What the exercise asks
Your output is to hold only the lines from the one showing "Kia Ceed 1.4 Comfort + - 2" through the end of the listing, exactly, with every picture excluded.

Dataset
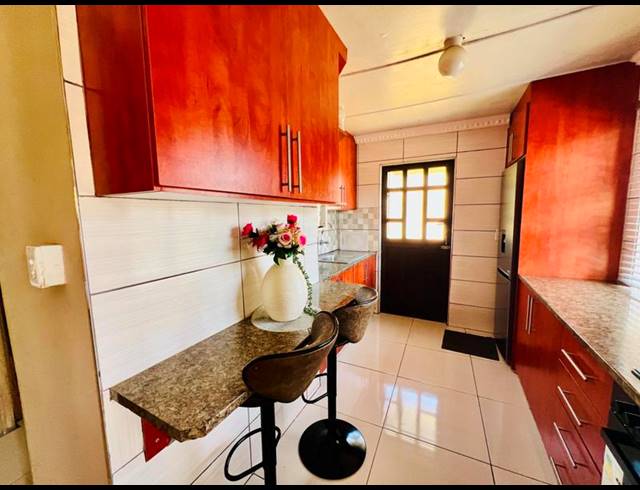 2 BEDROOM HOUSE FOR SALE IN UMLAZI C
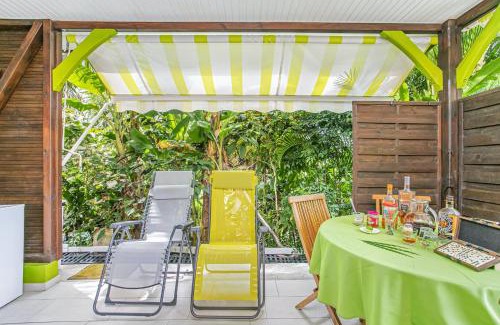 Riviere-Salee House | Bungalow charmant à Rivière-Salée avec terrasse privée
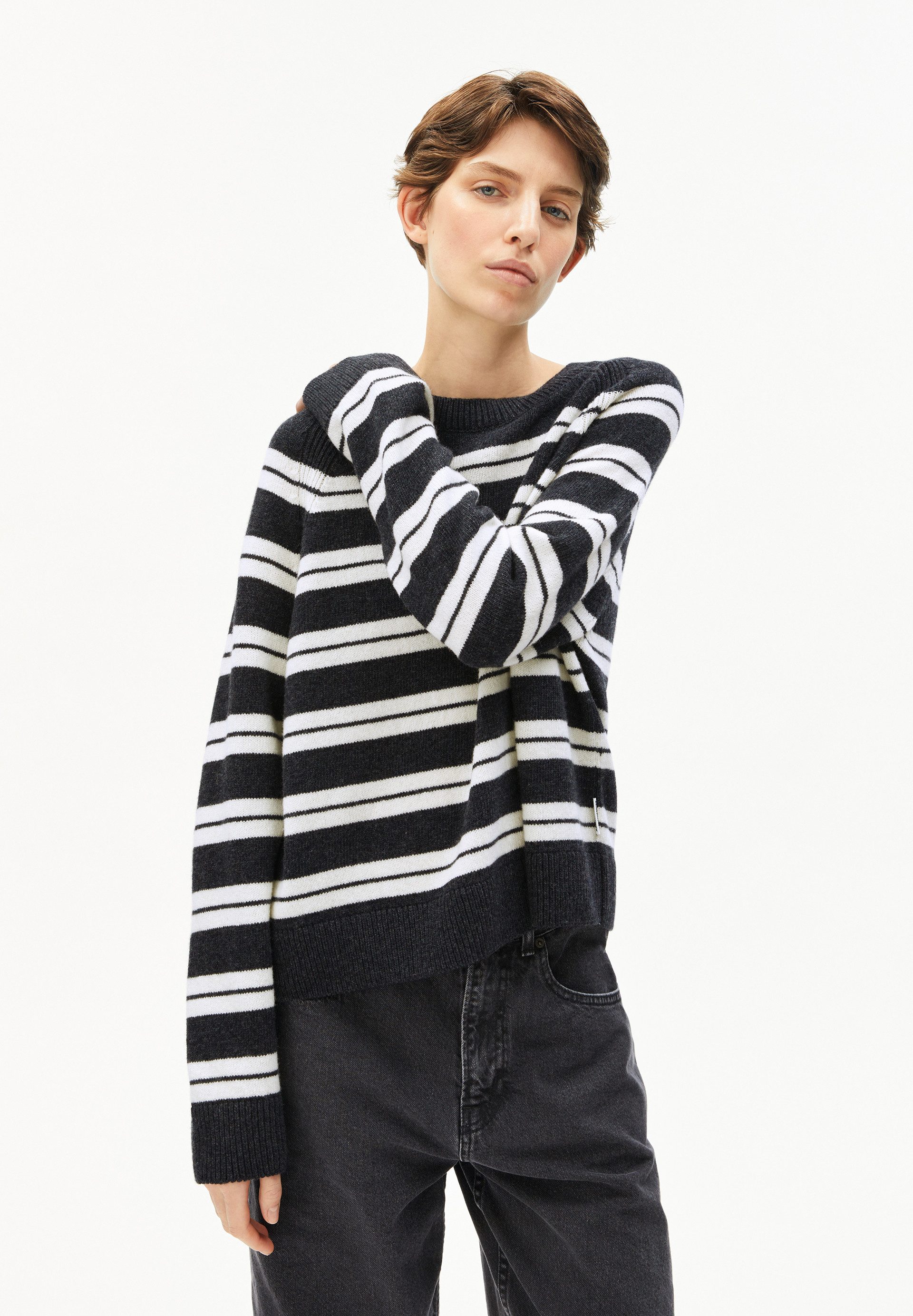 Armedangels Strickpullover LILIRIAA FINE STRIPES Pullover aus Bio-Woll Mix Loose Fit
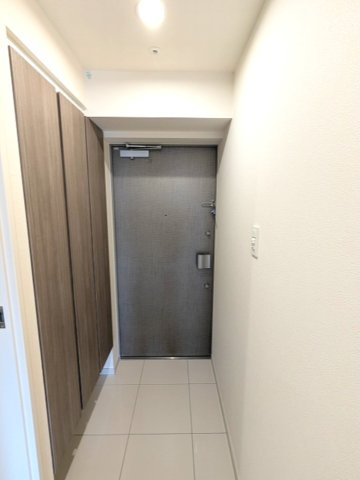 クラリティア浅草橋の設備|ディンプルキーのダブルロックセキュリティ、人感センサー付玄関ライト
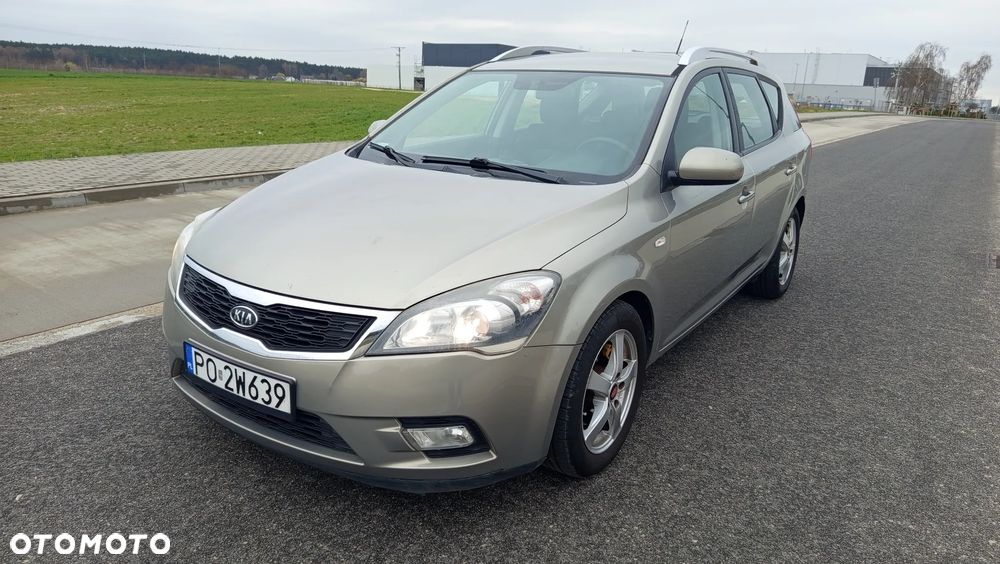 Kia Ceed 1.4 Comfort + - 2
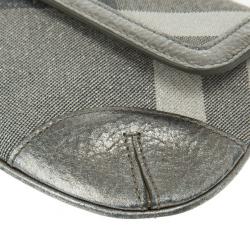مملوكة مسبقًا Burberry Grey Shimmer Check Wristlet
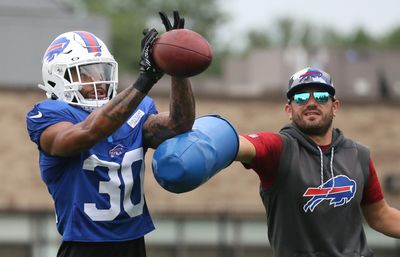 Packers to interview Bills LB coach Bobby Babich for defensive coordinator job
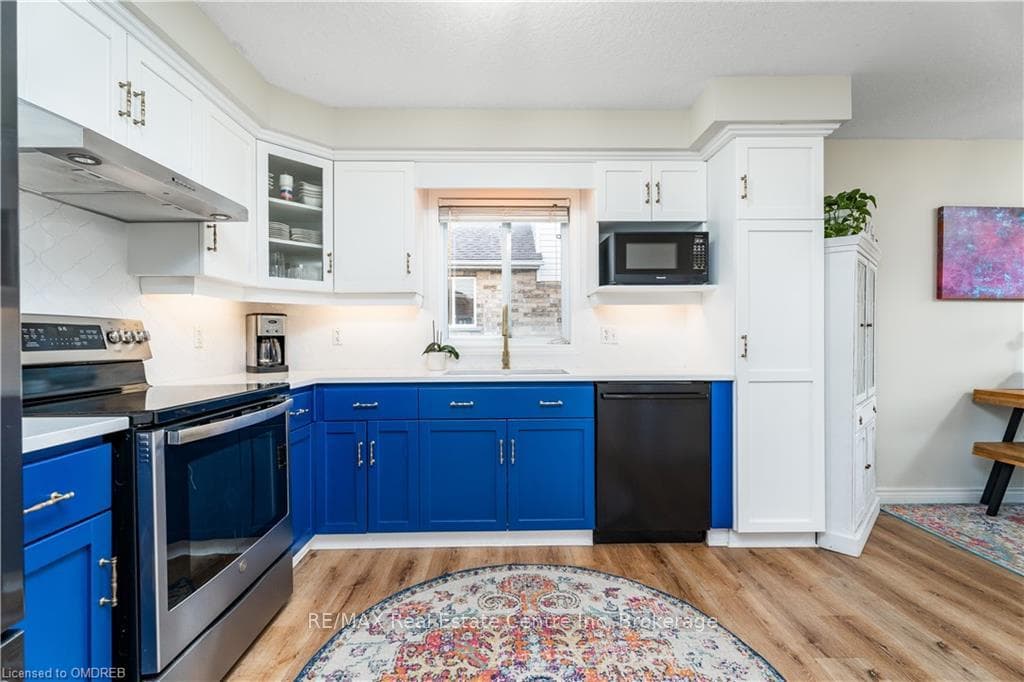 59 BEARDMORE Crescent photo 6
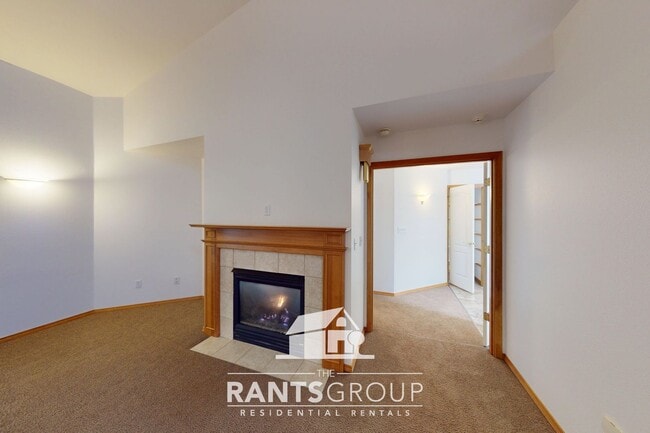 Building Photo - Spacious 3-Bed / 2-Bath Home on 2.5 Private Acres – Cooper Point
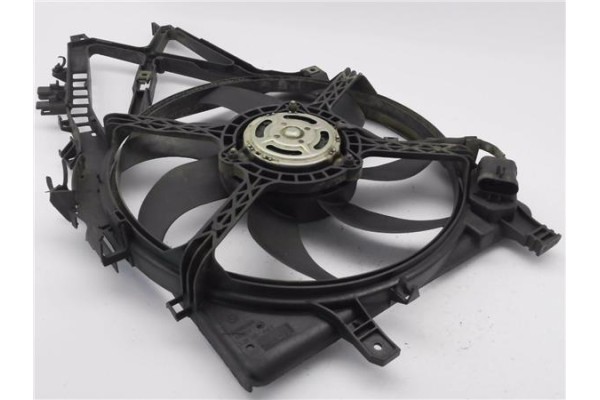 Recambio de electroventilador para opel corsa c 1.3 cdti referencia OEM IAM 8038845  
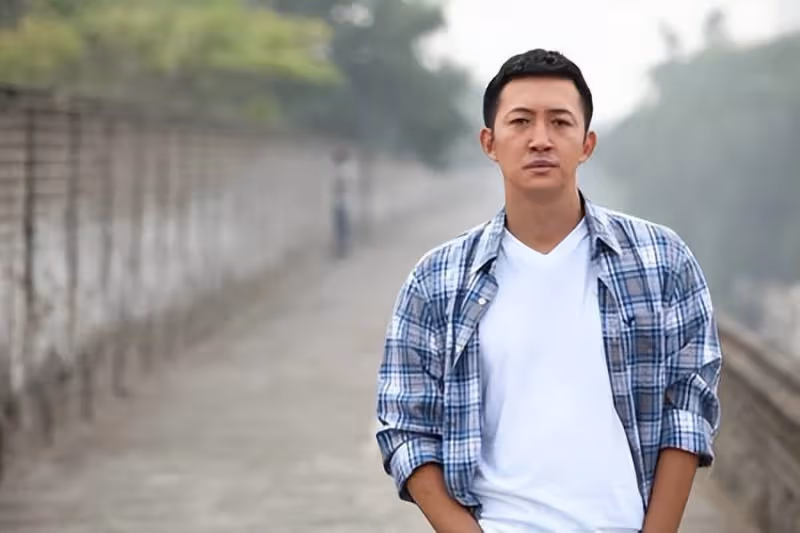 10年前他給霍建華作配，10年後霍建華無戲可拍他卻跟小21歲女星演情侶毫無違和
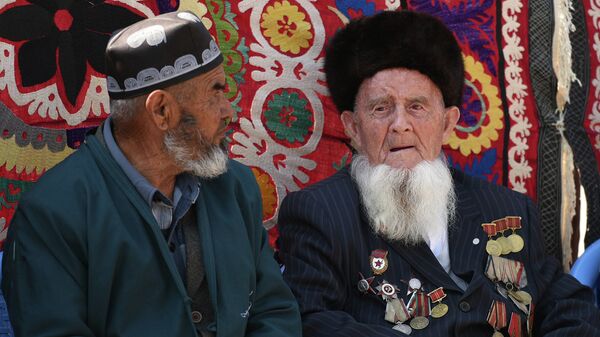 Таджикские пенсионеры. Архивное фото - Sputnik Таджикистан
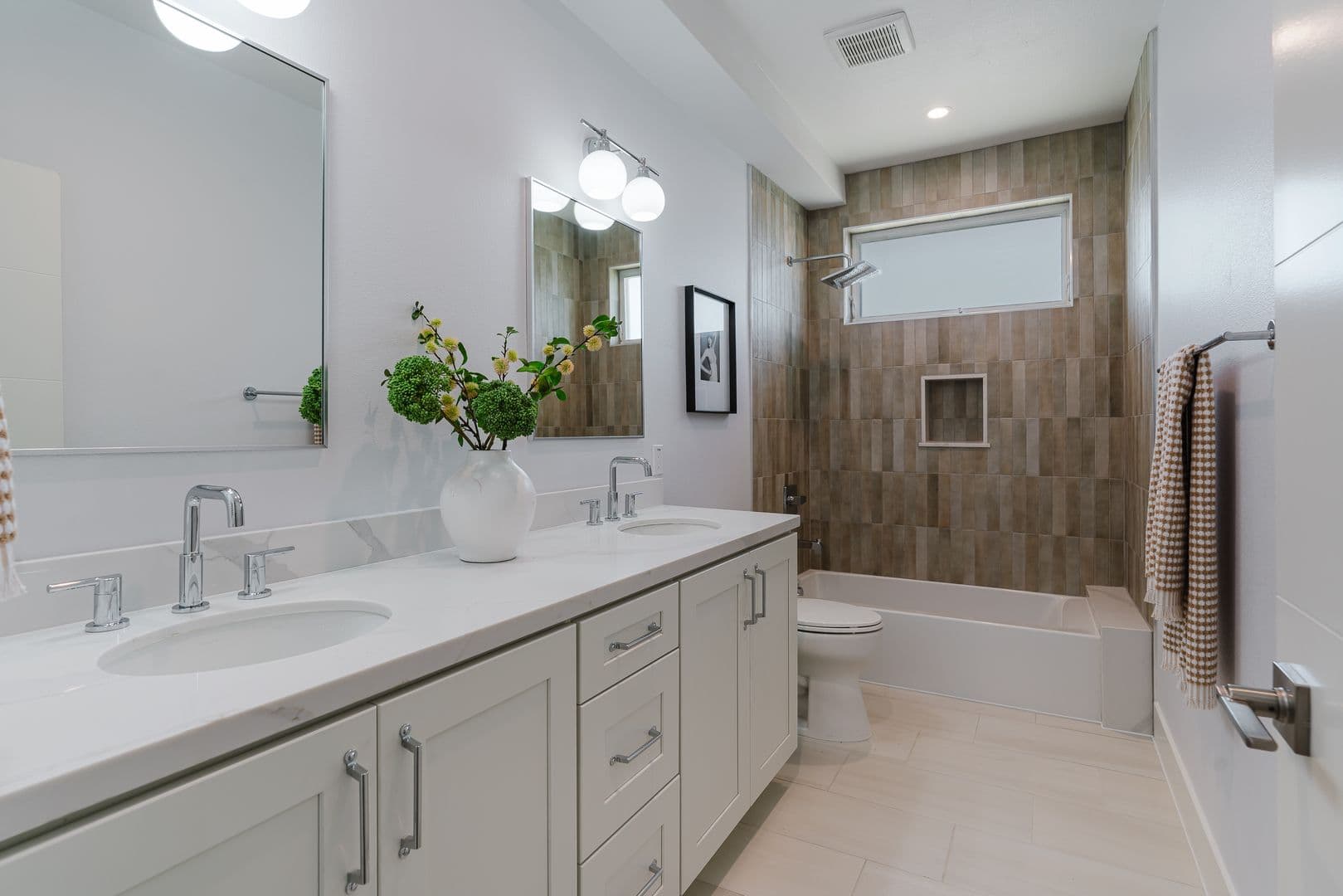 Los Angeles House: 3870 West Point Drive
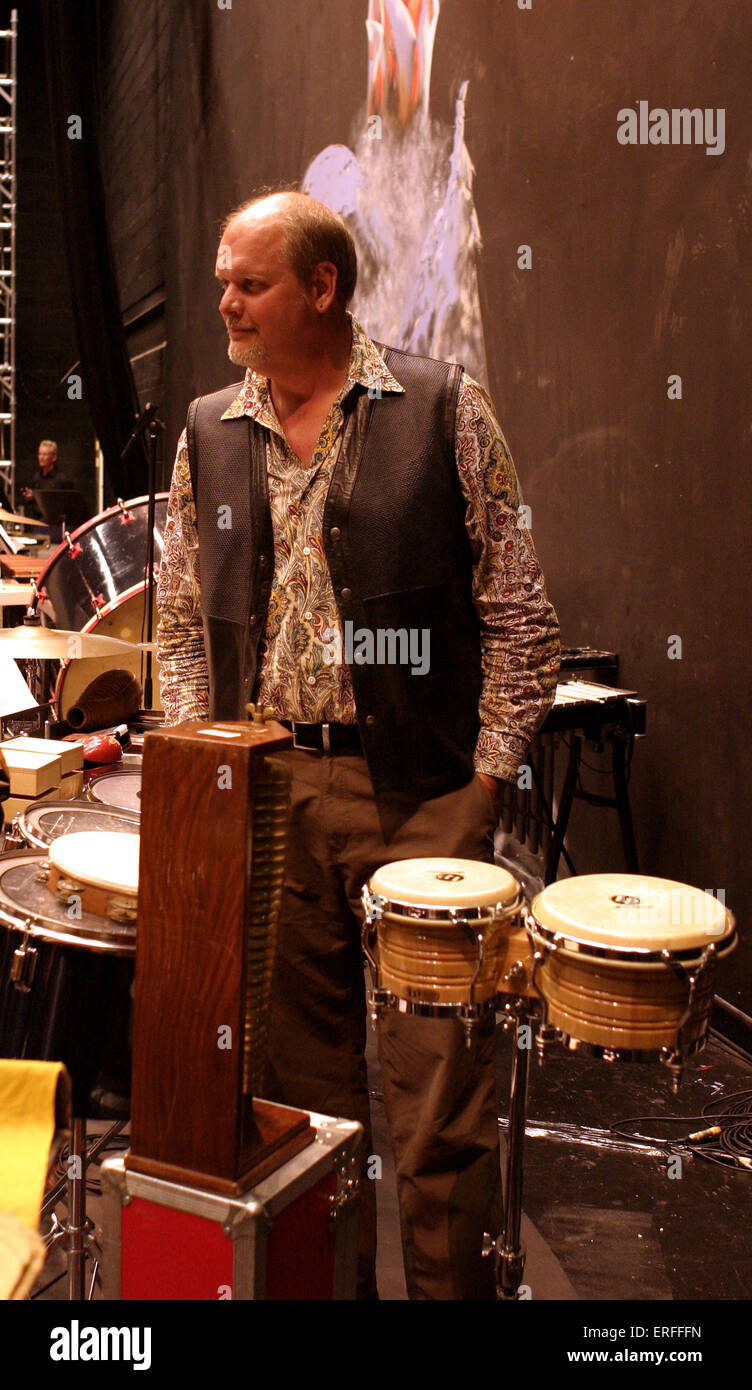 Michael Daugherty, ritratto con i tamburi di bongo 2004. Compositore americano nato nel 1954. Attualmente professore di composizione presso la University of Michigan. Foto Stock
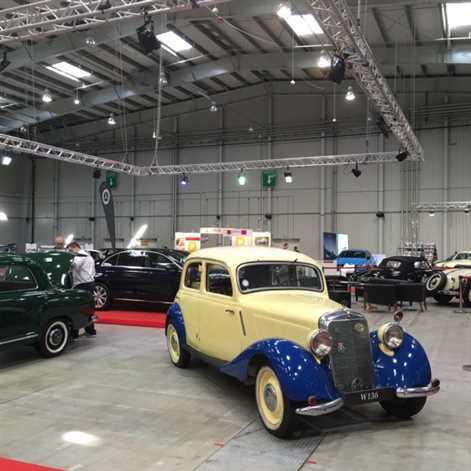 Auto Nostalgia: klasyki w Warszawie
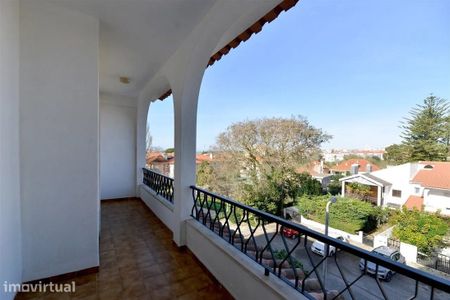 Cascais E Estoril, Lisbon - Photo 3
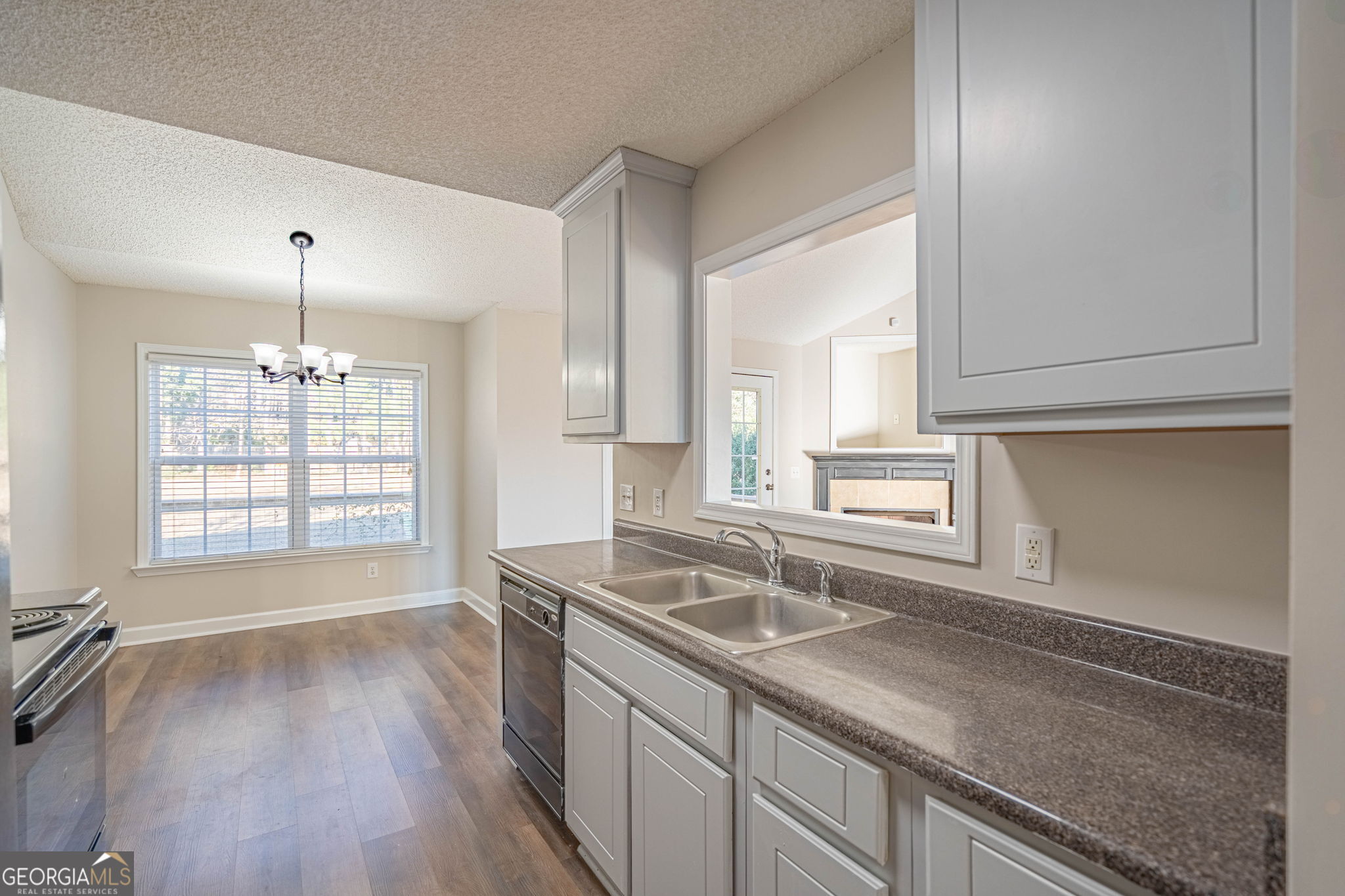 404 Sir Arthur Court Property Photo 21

Solution below
 Kia Ceed 1.4 Comfort + - 2
مملوكة مسبقًا Burberry Grey Shimmer Check Wristlet
 Packers to interview Bills LB coach Bobby Babich for defensive coordinator job
 59 BEARDMORE Crescent photo 6
 Building Photo - Spacious 3-Bed / 2-Bath Home on 2.5 Private Acres – Cooper Point
 Recambio de electroventilador para opel corsa c 1.3 cdti referencia OEM IAM 8038845  
 10年前他給霍建華作配，10年後霍建華無戲可拍他卻跟小21歲女星演情侶毫無違和
 Таджикские пенсионеры. Архивное фото - Sputnik Таджикистан
 Los Angeles House: 3870 West Point Drive
 Michael Daugherty, ritratto con i tamburi di bongo 2004. Compositore americano nato nel 1954. Attualmente professore di composizione presso la University of Michigan. Foto Stock
 Auto Nostalgia: klasyki w Warszawie
 Cascais E Estoril, Lisbon - Photo 3
 404 Sir Arthur Court Property Photo 21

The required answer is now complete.